"Be Not Afraid of Greatness…"
Post-grad theater student Amanda Lee assumes nigh every duty as she stages a production of Shakespeare's "Twelfth Night'' with an all-female cast of friends.
Such a lonely grind it is, writing a dissertation, spending all those late nights tunneling through library stacks in stalwart, scholarly solitude.
Then again, you could just get all your friends together and put on a show.
Such is the post-grad strategy of Amanda Lee, a University of Central Florida Master of Fine Arts in Acting candidate who has masterminded a production of William Shakespeare’s Twelfth Night as the basis for her thesis.

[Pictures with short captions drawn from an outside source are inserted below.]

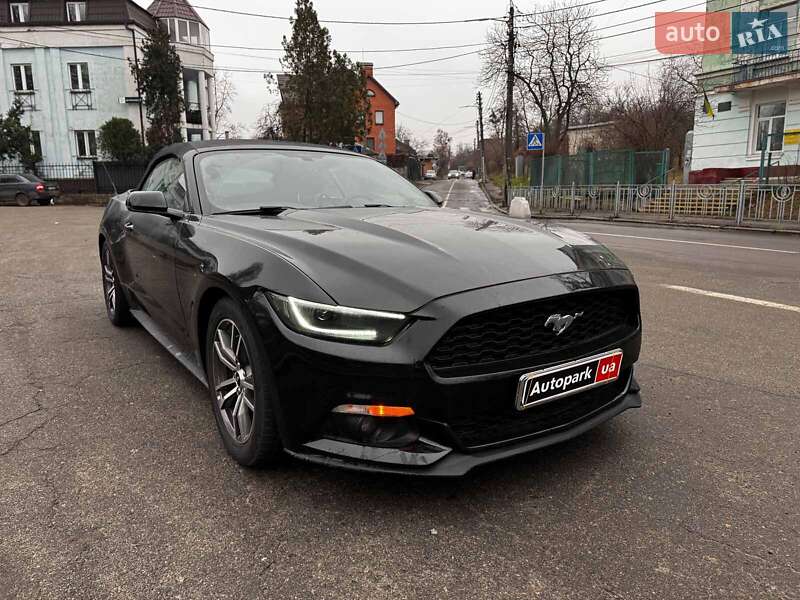 Кабриолет Ford Mustang 2016 в Киеве фото 3 Кабриолет Ford Mustang 2016 в Киеве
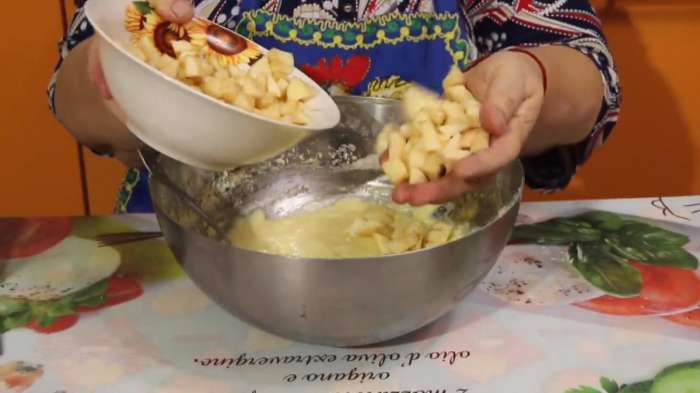 Добавьте в шарлотку творог — получится ещё вкуснее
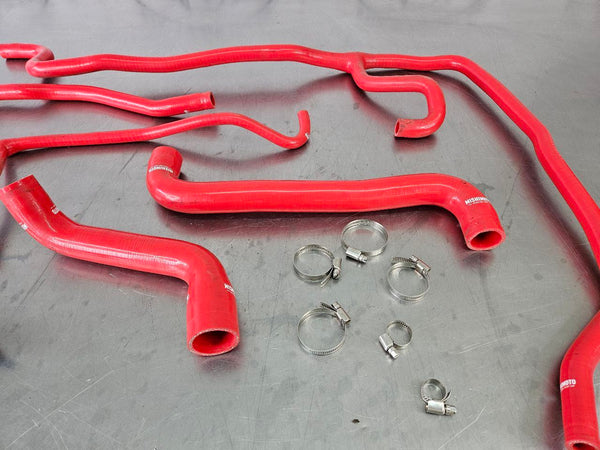 2005-07 C6 Corvette Mishimoto Silicon Radiator Cooling Hose Set, Red 7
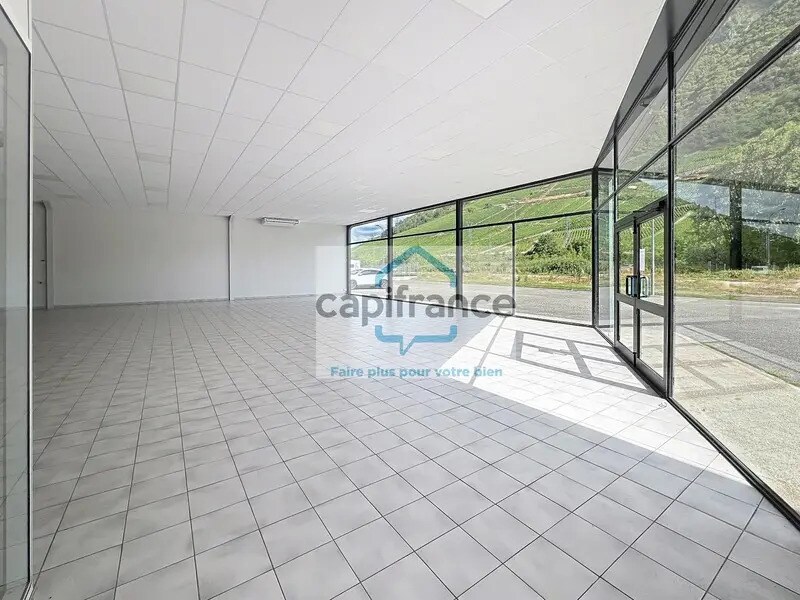 Location Commerce 2 063 m² - Photo 1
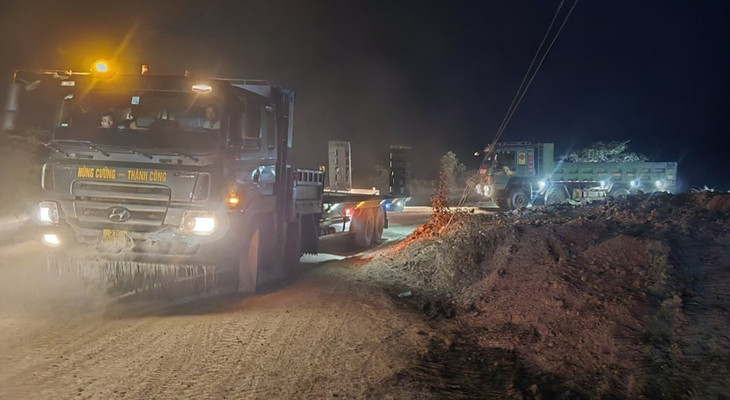 Thông tuyến trên QL4H, đoạn qua xã Ma Thì Hồ, huyện Mường Chà (Điện Biên) Thông tuyến trên QL4H, đoạn qua xã Ma Thì Hồ, huyện Mường Chà (Điện Biên)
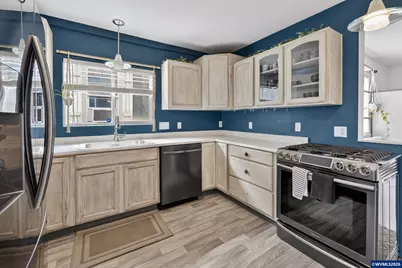 1437 SW 10th St, Dallas, OR 97338 - Photo 17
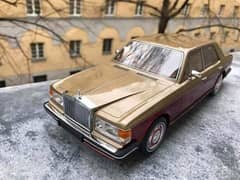 Rolls Royce 1987 silver spirit Diecast scale 1 :18 0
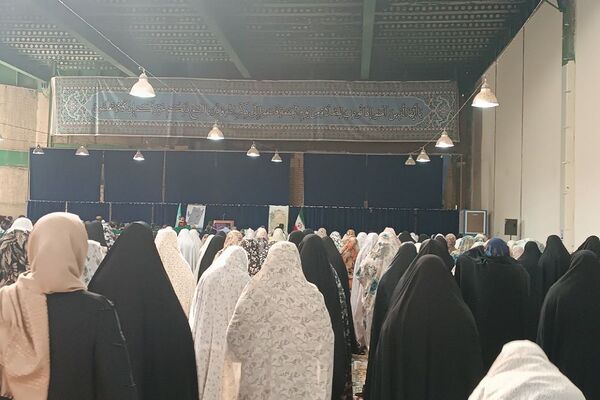 نماز عبادی سیاسی جمعه در مصلی شهر قیامدشت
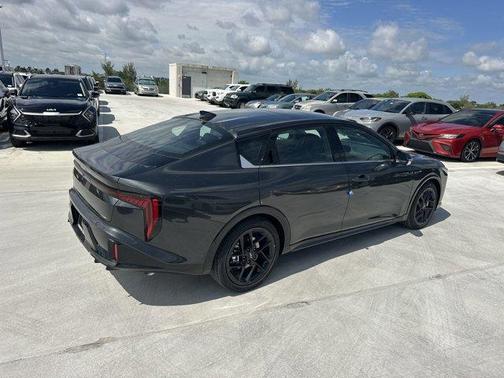 2025 Kia K4 GT-Line Turbo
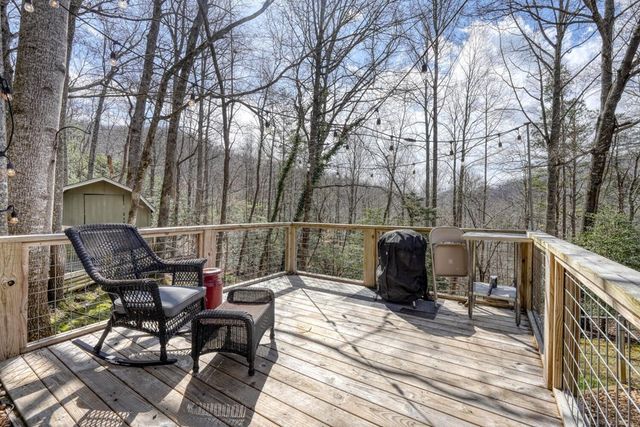 124 Cold Branch Lane, Hayesville, NC 28904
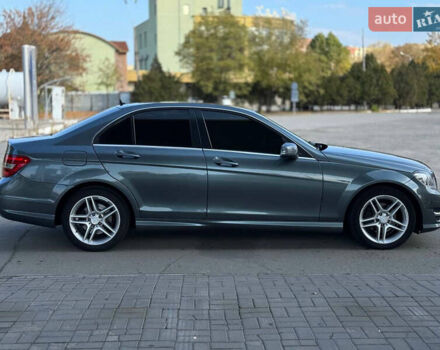 Серый Мерседес Ц-Класс, объемом двигателя 1.8 л и пробегом 207 тыс. км за 10399 $, фото 3 на Automoto.ua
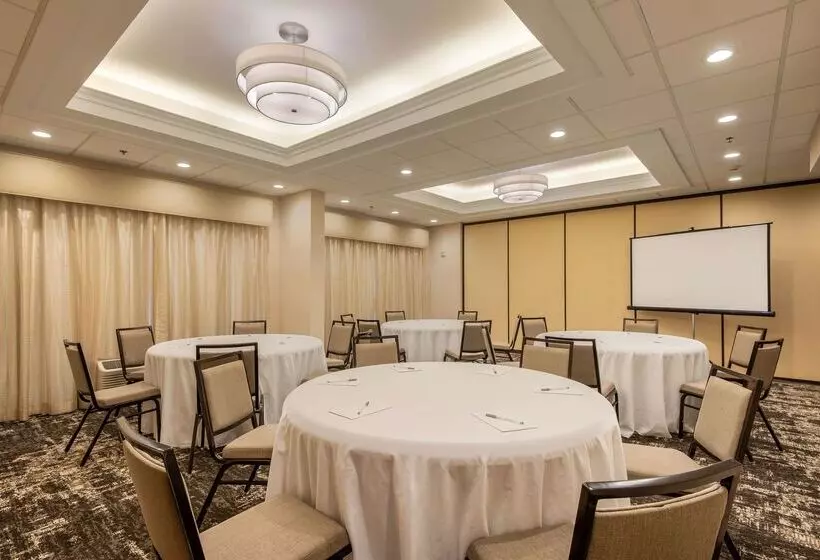 호텔 Hampton Inn Wilkesboro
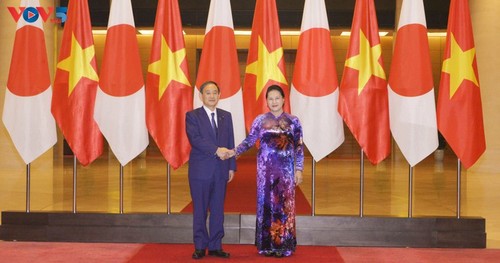 Presidenta del Parlamento vietnamita se reúne con Suga Yoshihide - ảnh 1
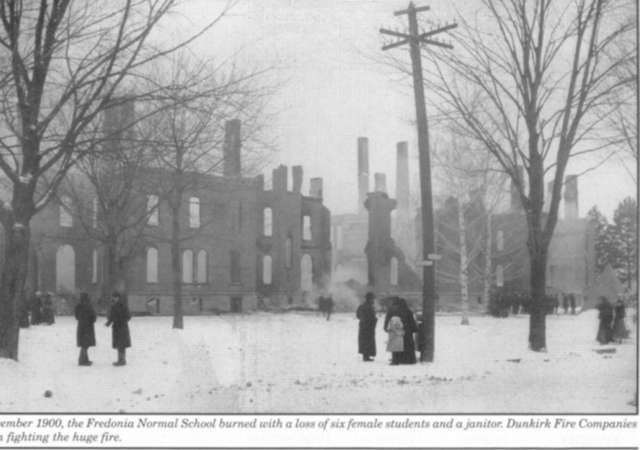 fredonia_old_main_fire_.jpg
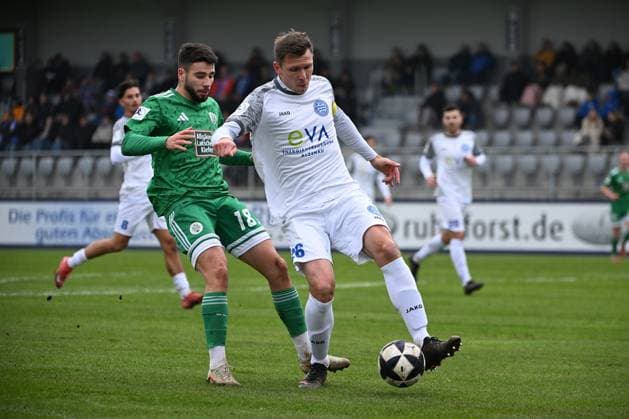 08.11.2025, xjhx, Fussball Regionalliga Suedwest, Bayern Alzenau - FC 08 Homburg v.l. Miguel Goncalves (FC Homburg), Marcel Wilke (Bayern Alzenau) (DFL DFB REGULATIONS PROHIBIT ANY USE OF PHOTOGRAPHS as IMAGE SEQUENCES and or QUASI-VIDEO) Alzenau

The play, which will be presented by an all-female cast, is a 17th century screwball comedy about shipwrecked twins who are separated and then reunited in a topsy-turvy blur of cross-dressing, mistaken identity, and lovesick wackos. It will be staged at the Lowndes Shakespeare Center in Loch Haven Park at 7 p.m. March 16, 17 and 18. The playbill should be an interesting read, given that Lee, who will appear in a lead role of Viola, is also the producer, costume designer, set designer, executive producer and overall wrangler of the 12 other actors in the cast, all of them fellow UCF theater majors who volunteered their help.
And don’t think for one minute, by the way, that after going through all that, she’s actually getting out of that scholarly-solitude business: In the end, she gets to hit the stacks and write her thesis about the production.
But that’s how she planned it.
The entire enterprise is her way of creating and then examining a Shakespearean production in an age of gender fluidity and shifting perceptions of traditional male-female roles and identity. Casting herself as Viola – a girl who masquerades as a boy to protect herself after being washed ashore on a strange land – is Lee’s way of giving herself a unique perspective of a provocative and au courant subject.
“There’s been a big shift in how Shakespeare is presented in the U.S. in the last 15 years – a lot more cross-gender casting,” she says. “There have been all-female productions of Julius Caesar, of Romeo and Juliet. It’s a way of exploring gender as a social construct.” (In Shakespeare’s day, there were no women actors, so teenage boys whose voices had yet to change were cast in female roles. Sarah Bernhardt created a sensation when, in 1899, she turned the tables by performing the title role of Hamlet.)
Setting aside the gender-bender angle, Lee’s DIY staging effort might also serve as fodder for any scholars inclined to study how necessity can be the mother of invention. Collaboration between the Orlando Shakespeare Theater and the UCF Theater Department is the norm, but this year, when state funding of the arts were severely cut back, the Shakes had to cut back the number of plays it presented. That’s the main reason Lee decided to take on the enterprise herself, leaning on friends and borrowing costumes – it’s going to be presented in ‘70s garb – from Lake Howell High School’s theater department.
Tickets are $10. Check out www.mandilee.net for reservations. By now you can probably guess who’s running the box office.